_Exercise objective_: The answer should hold only the lines from the beginning of the listing below to the line containing "Sala de kitnet/studio", both included, with every picture left out.

_Excerpted data_:
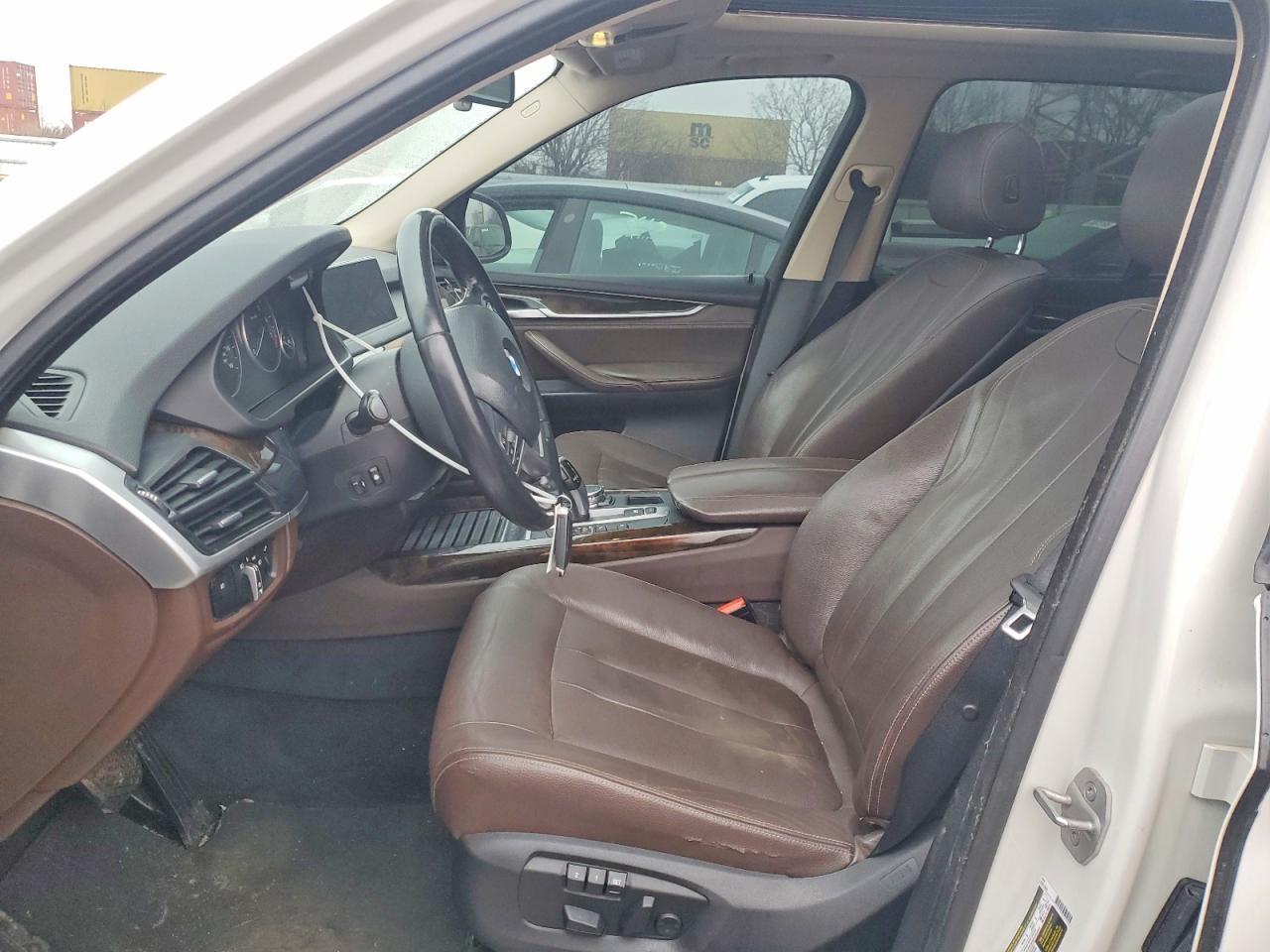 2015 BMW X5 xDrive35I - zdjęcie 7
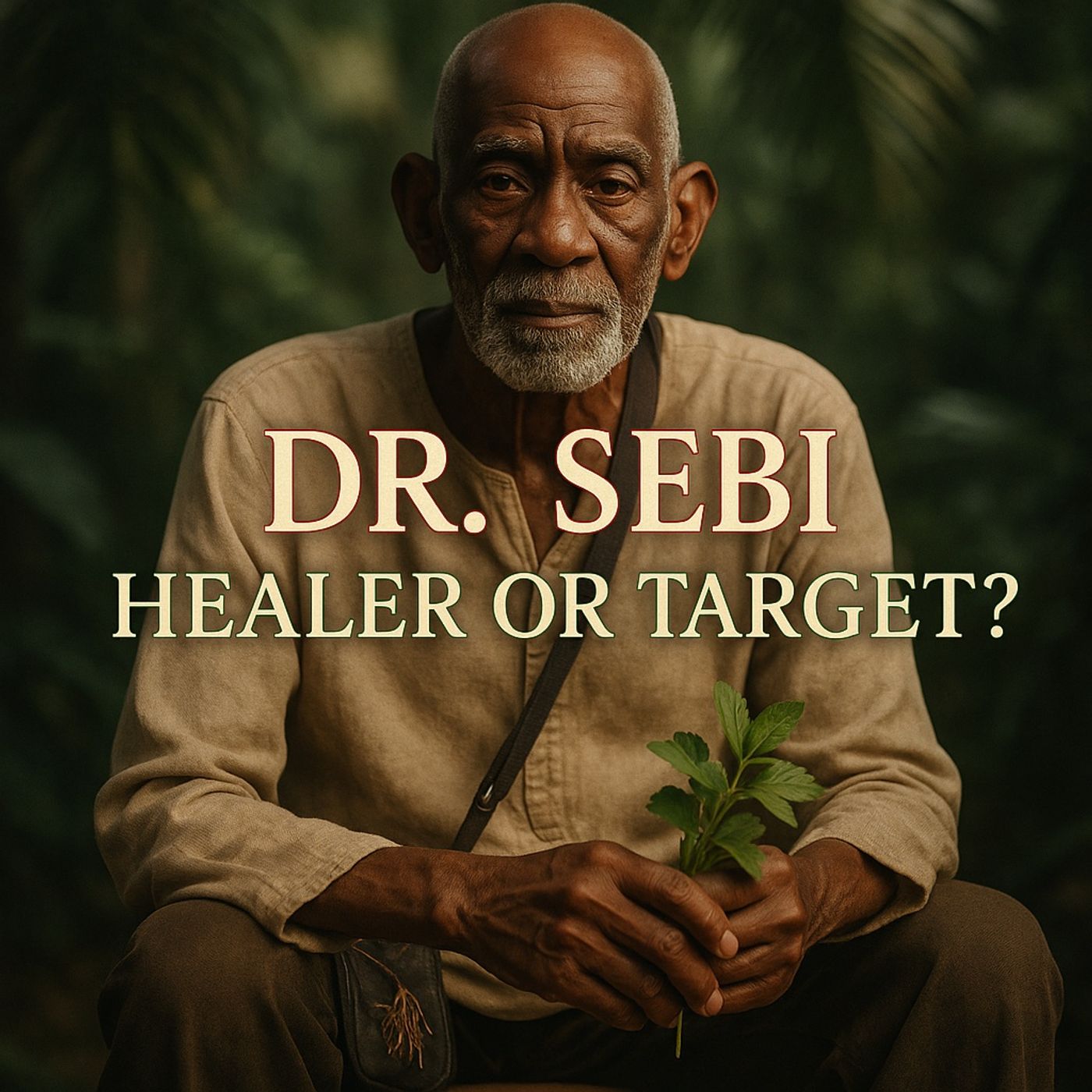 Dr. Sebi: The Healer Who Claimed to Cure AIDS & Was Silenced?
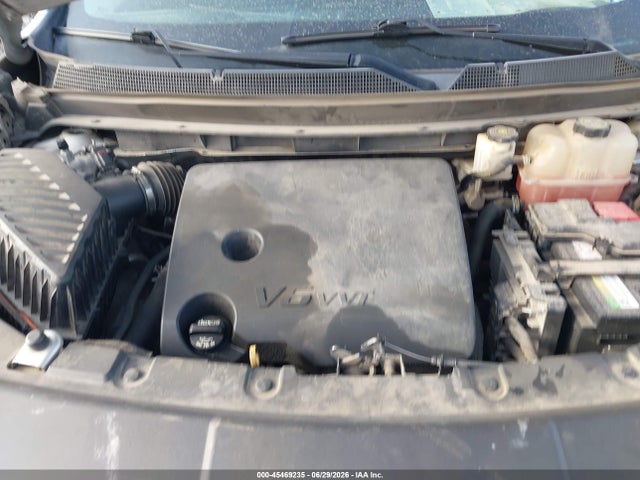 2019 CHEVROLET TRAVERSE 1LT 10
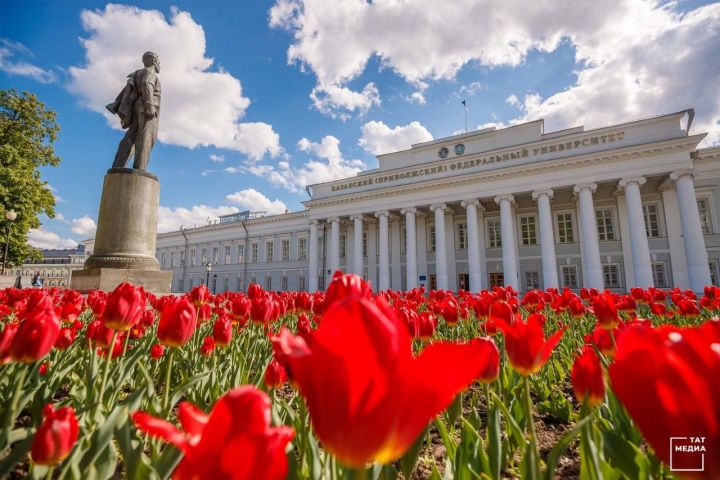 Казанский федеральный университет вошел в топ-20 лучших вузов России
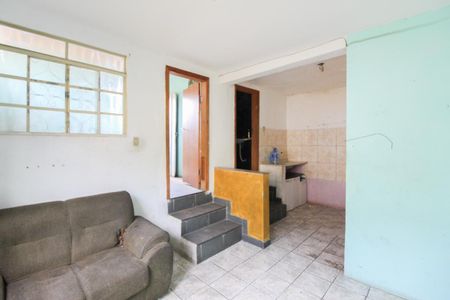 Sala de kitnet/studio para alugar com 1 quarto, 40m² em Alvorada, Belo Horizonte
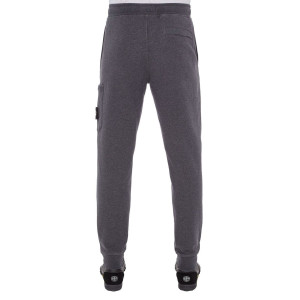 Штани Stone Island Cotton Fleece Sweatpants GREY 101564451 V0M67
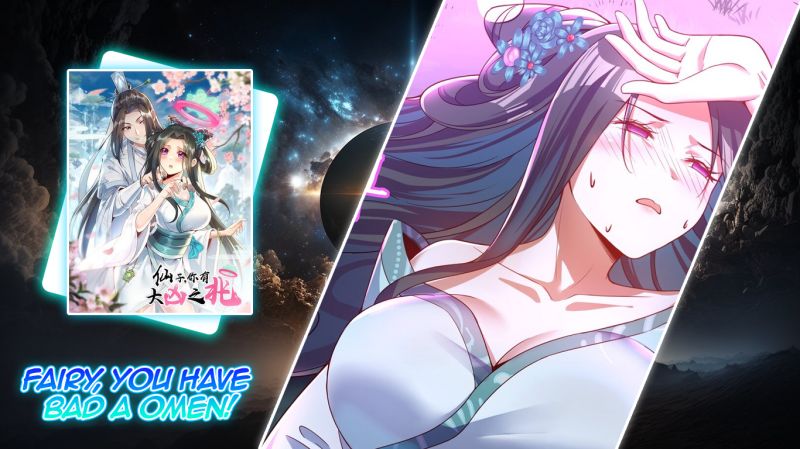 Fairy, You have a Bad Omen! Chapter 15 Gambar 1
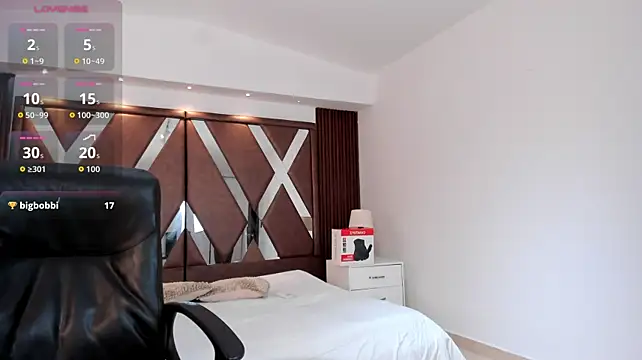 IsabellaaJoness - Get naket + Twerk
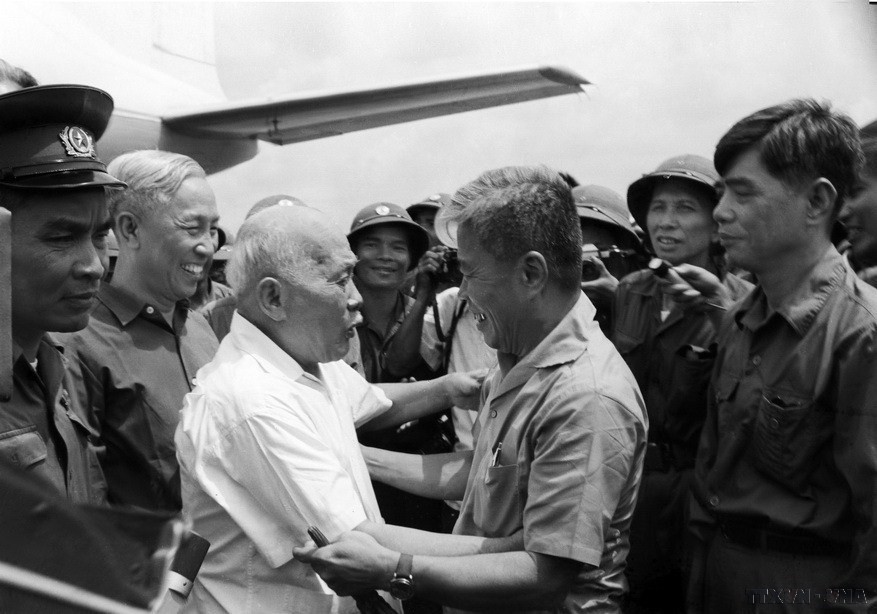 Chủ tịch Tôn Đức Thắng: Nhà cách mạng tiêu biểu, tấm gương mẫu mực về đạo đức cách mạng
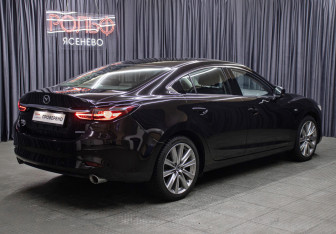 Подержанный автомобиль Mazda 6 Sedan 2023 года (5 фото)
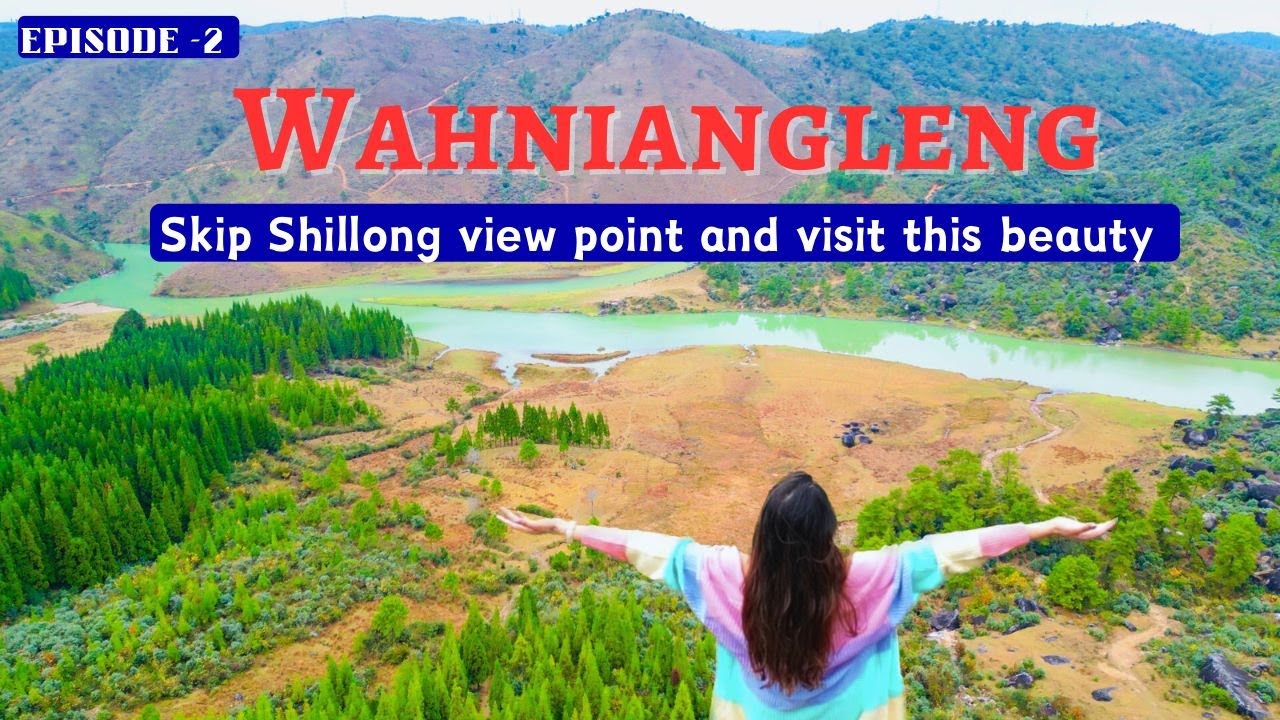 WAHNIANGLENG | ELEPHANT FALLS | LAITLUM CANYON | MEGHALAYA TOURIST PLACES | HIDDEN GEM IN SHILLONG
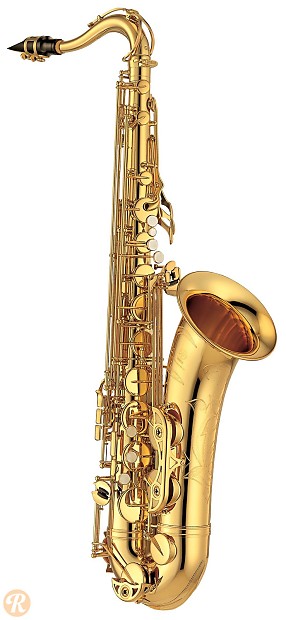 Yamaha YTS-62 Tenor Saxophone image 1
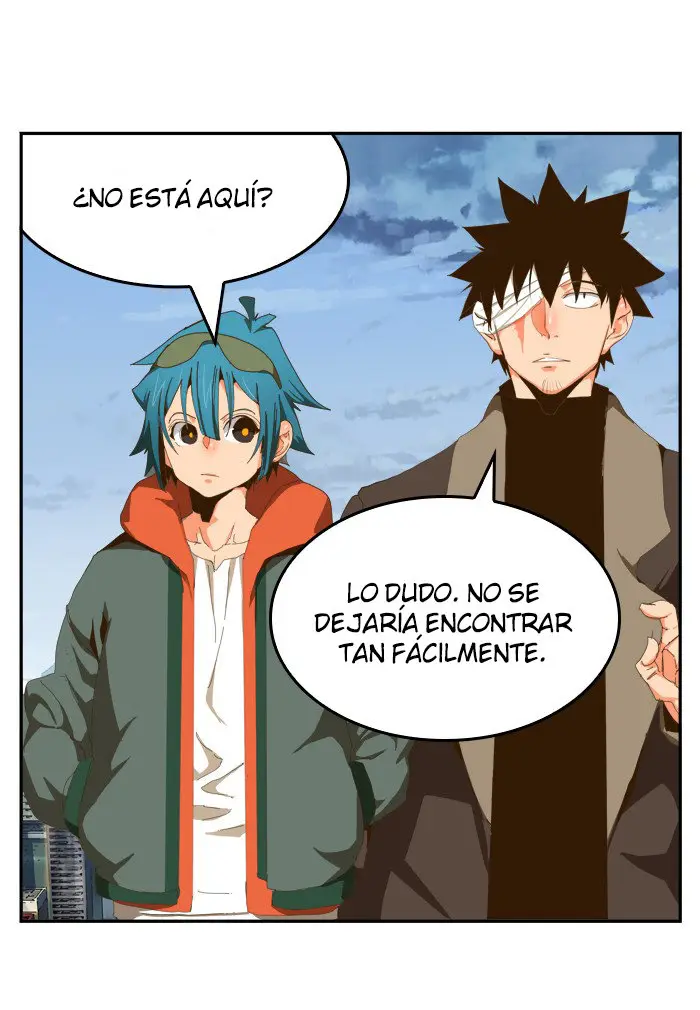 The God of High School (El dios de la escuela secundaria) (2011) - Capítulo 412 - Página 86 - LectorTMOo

_Answer below_:
 2015 BMW X5 xDrive35I - zdjęcie 7
 Dr. Sebi: The Healer Who Claimed to Cure AIDS & Was Silenced?
 2019 CHEVROLET TRAVERSE 1LT 10
 Казанский федеральный университет вошел в топ-20 лучших вузов России
 Sala de kitnet/studio para alugar com 1 quarto, 40m² em Alvorada, Belo Horizonte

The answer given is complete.